Aussi convient-il de situer ce qui advint en ces cinquante ans en rapport tout d'abord avec le devenir du capital car c'est grâce à son mouvement que l'espèce a cru pouvoir réaliser l'utopie de se mettre hors menace, en sécurité, en situation de dominatrice, libérée de toute contrainte naturelle.
Tous les heurts sociaux advenus en 1968, dont ceux de mai et juin en France, l'ont été durant la phase de la diffusion planétaire de la domination substantielle (réelle) du capital sur la société de 1945 à 1973 ce qui explique en partie la persistance de l'idéologie prolétarienne. Tous les soulèvements de cette année-là ont manifesté la vaste crise affectant la société capitaliste dans ses divers fondements avec réactivation de conflits dont certains très antérieurs au capital lui-même comme le heurt entre hommes et femmes, entre ethnies ainsi que celui entre les générations.

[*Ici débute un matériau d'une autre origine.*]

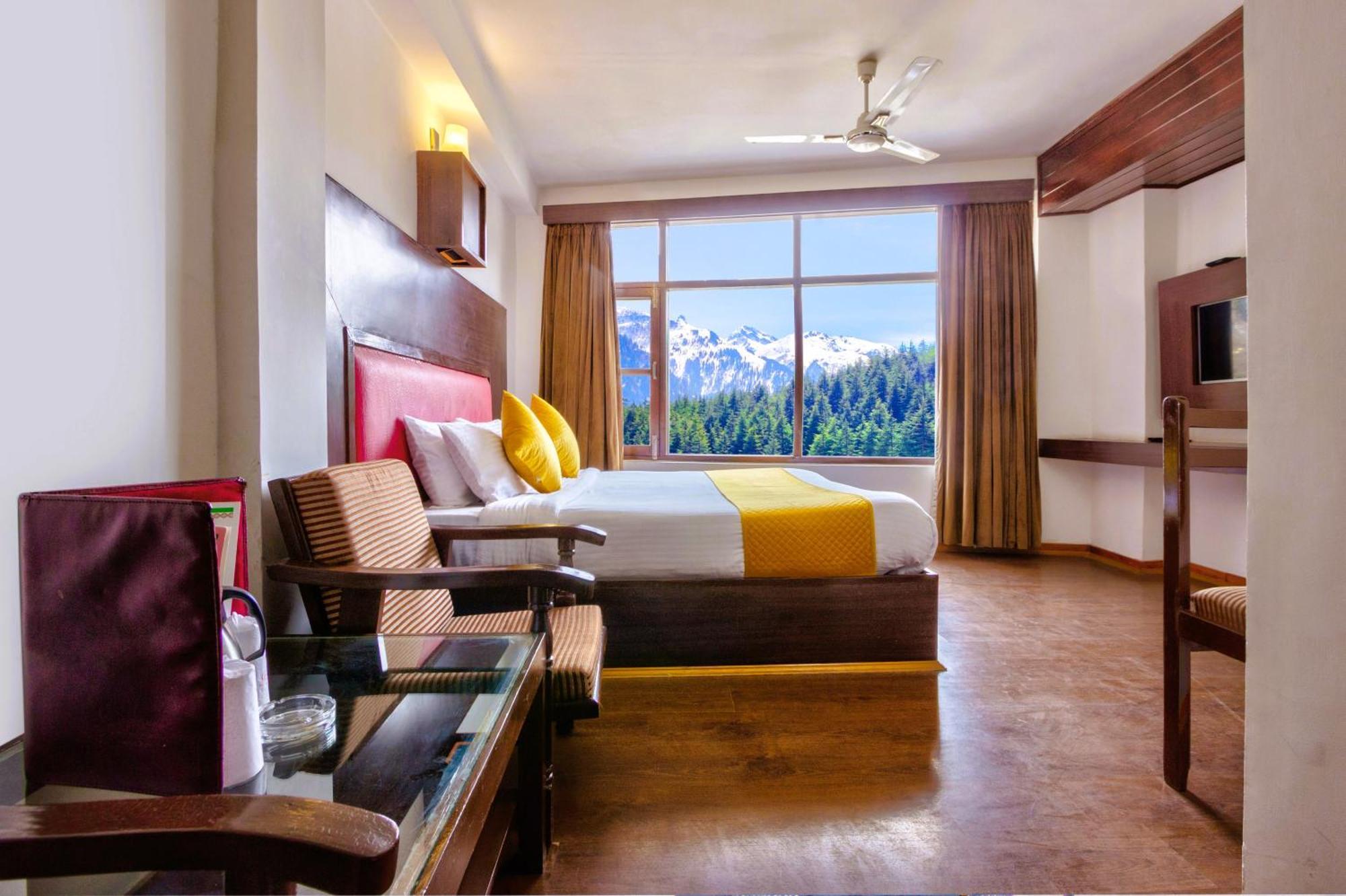 Hotel Greenfields Manāli Exterior foto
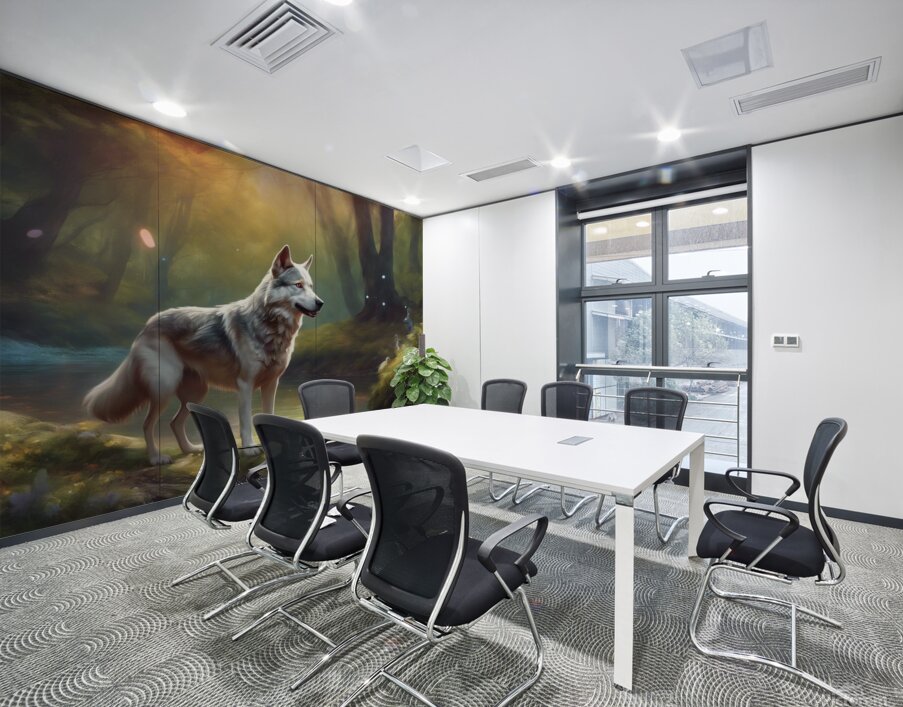 le chasseur  Wall Printing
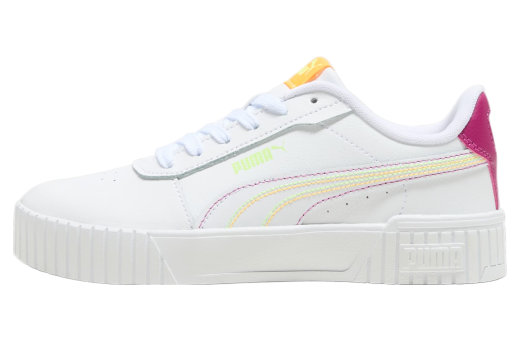 Puma Carina 2.0 Color Stitching WMNS White / Sun Stream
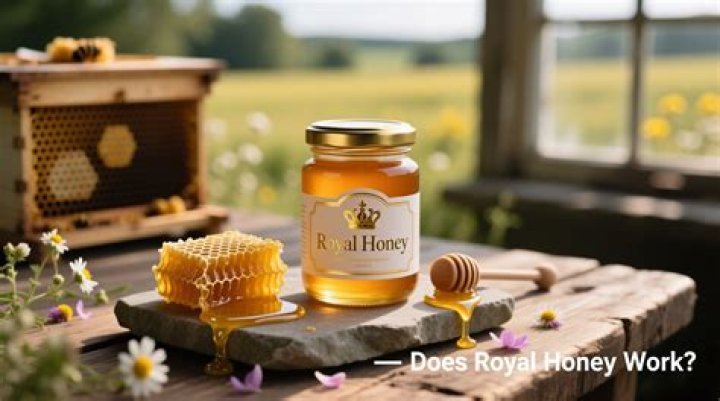 What does royal honey do for her?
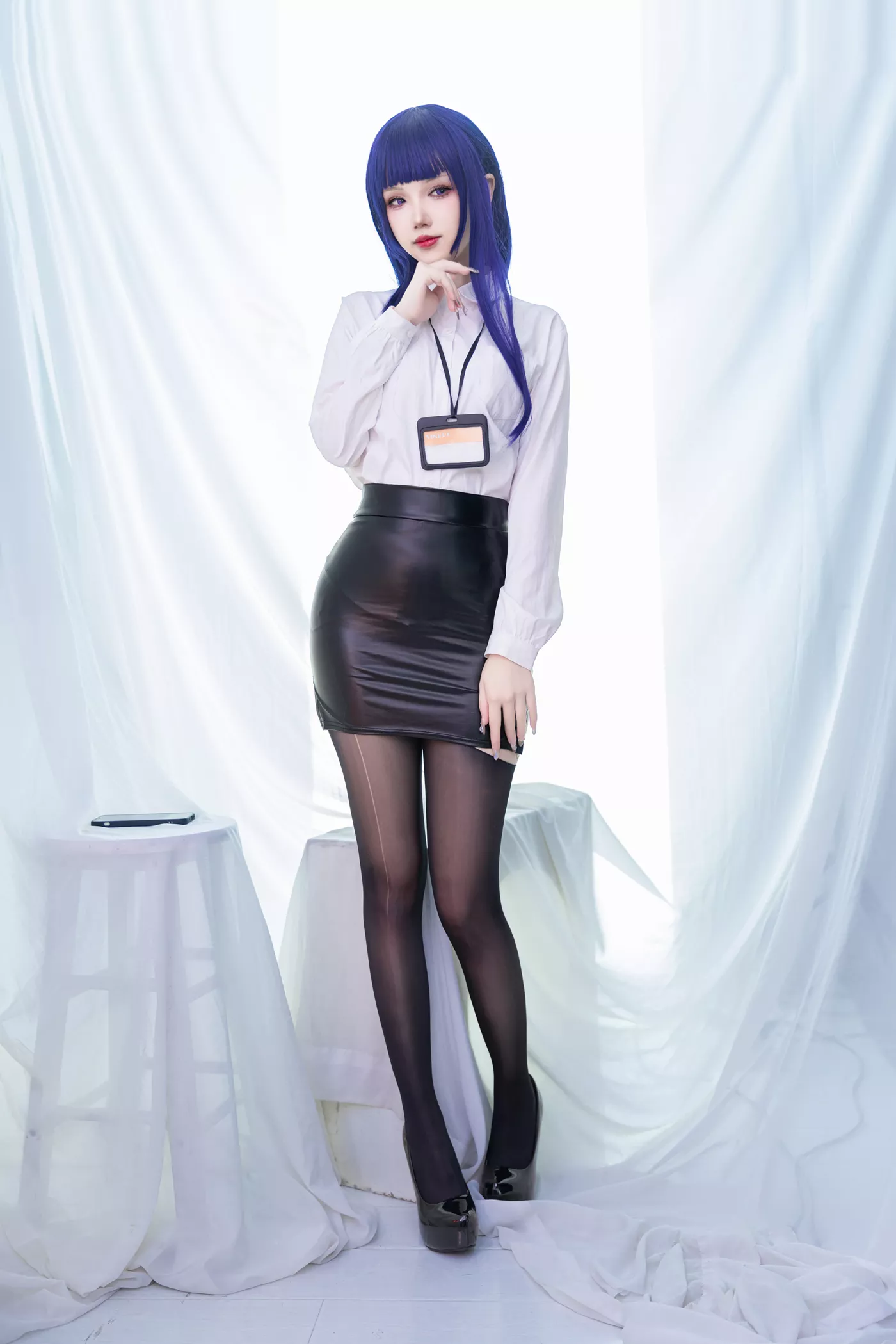 图片[14]-雪晴Astra  – 雷电将军OL[39P] – 速更版-美库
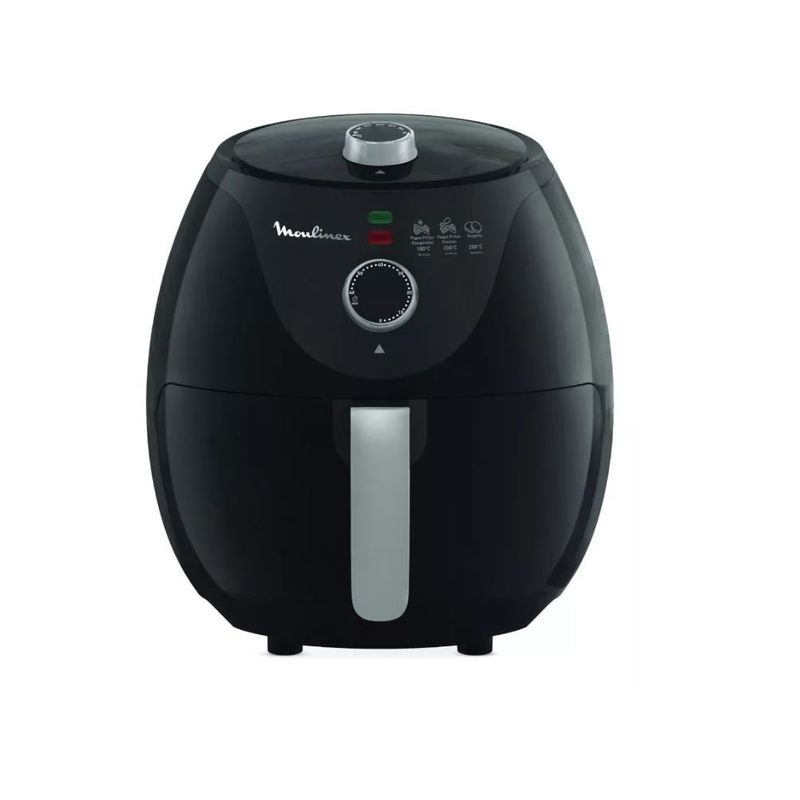 MOULINEX - Freidora De Aire Essential Mecánica 3,2 Litros Color Negro Moulinex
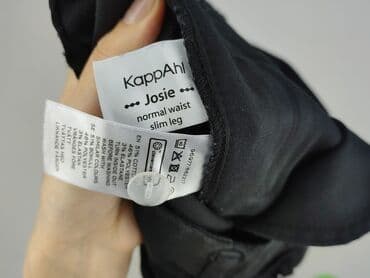 calvin klein jeans plus sukienki: KappAhl, Spodnie materiałowe damskie, M — 4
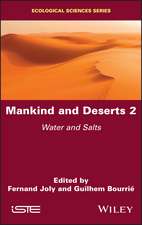 Mankind and Deserts 2 – Water and Salts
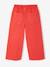 Pantalon fille large à pont marine+rouge - vertbaudet enfant 
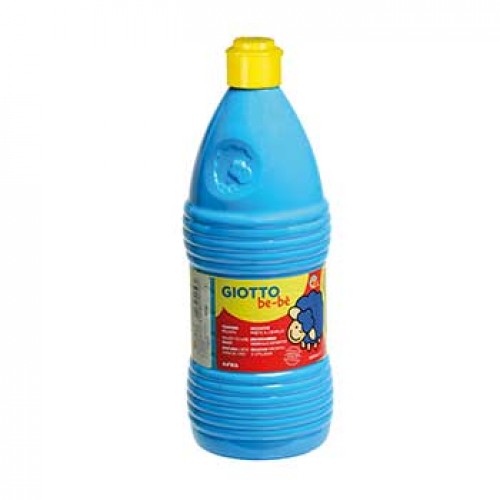 Guache Líquido 1L Giotto Be-Be Azul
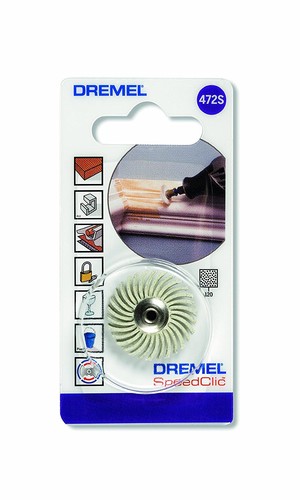 Dremel s472 brosses abrasives - dremel,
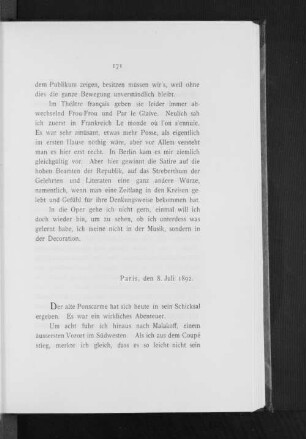 Paris, den 8. Juli 1892.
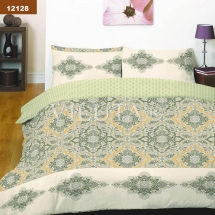 Постельное белье Viluta - Ранфорс-платинум - 12128 (двуспальный)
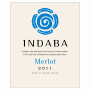 Indaba Merlot 2011 Front Label
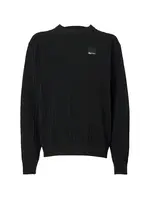 KARL LAGERFELD JEANS Sveter  čierna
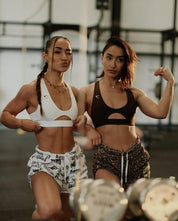 Sostén deportivo Peek A Boo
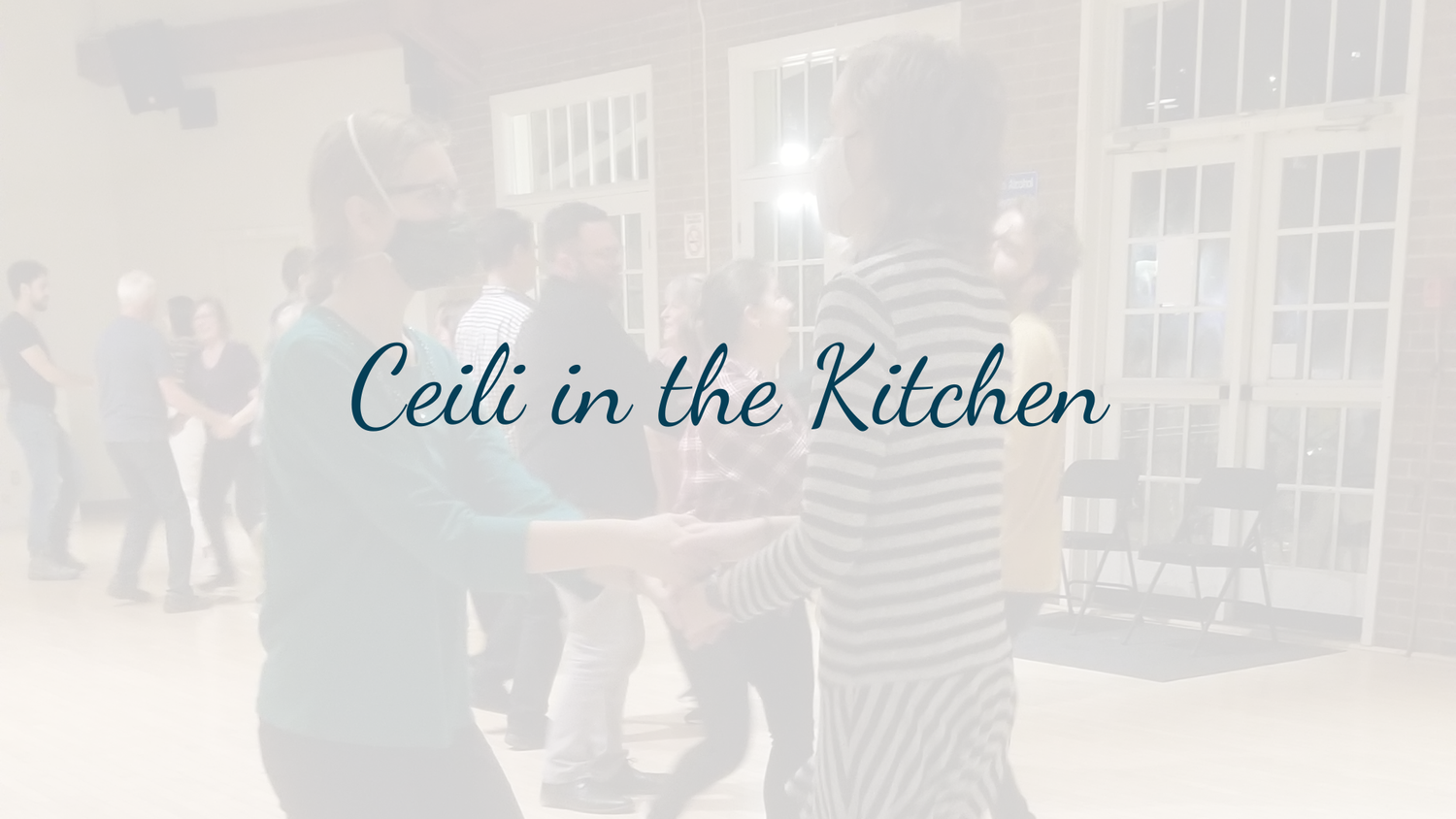 Ceili in the kitchen visual
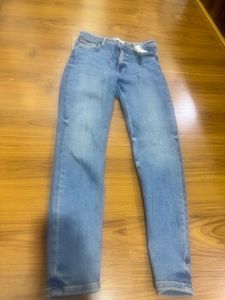 Zara Skinny Blue Denim Jeans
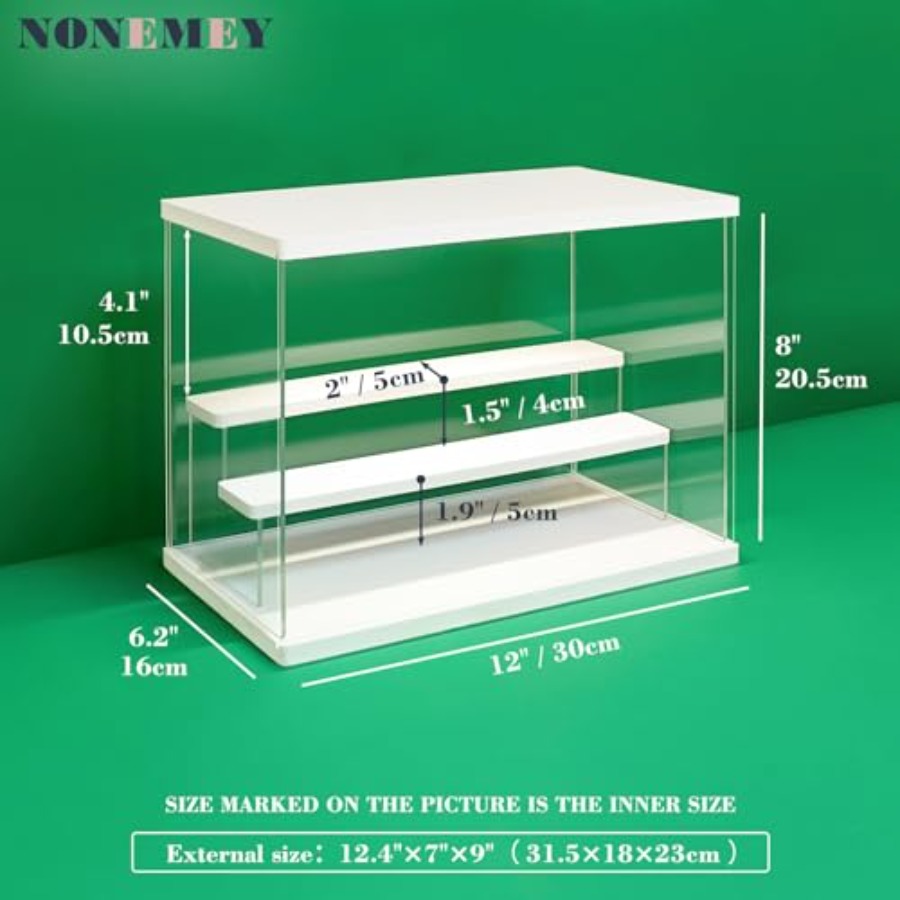 Clear Acrylic Display Case Sta – Display Case Acrylic Bewertung und Preis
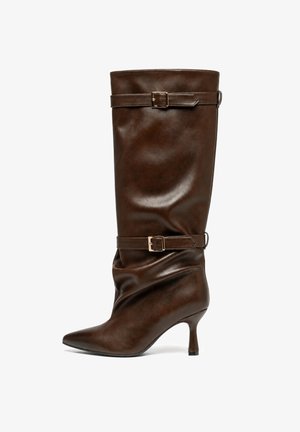 Salinyang, SALINYANG DAMEN STIEFEL STIEFEL - Stivali alti - braun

Au cours de la phase suivante (1973-1980), celle de la pleine réalisation de la domination substantielle sur la société, d'autres événements de type insurrectionnel s'imposèrent encore dans divers pays, tout particulièrement en Italie (1977) imposant la mise en place d'une répression plus soutenue effectuée surtout grâce aux phénomènes économiques (développement de la précarisation). La victoire des riches, des dominants s'impose et, dans la zone occidentale on assiste à la disparition du prolétariat en tant que classe ainsi qu'à une dégradation des conditions de vie des travailleurs.
Dans la phase de 1980 à 1990 s'opère la mort effective du capital1 en tant que rapport social avec autonomisation de sa forme et, corrélativement, le déploiement de la virtualité et de l'innovation à tout prix.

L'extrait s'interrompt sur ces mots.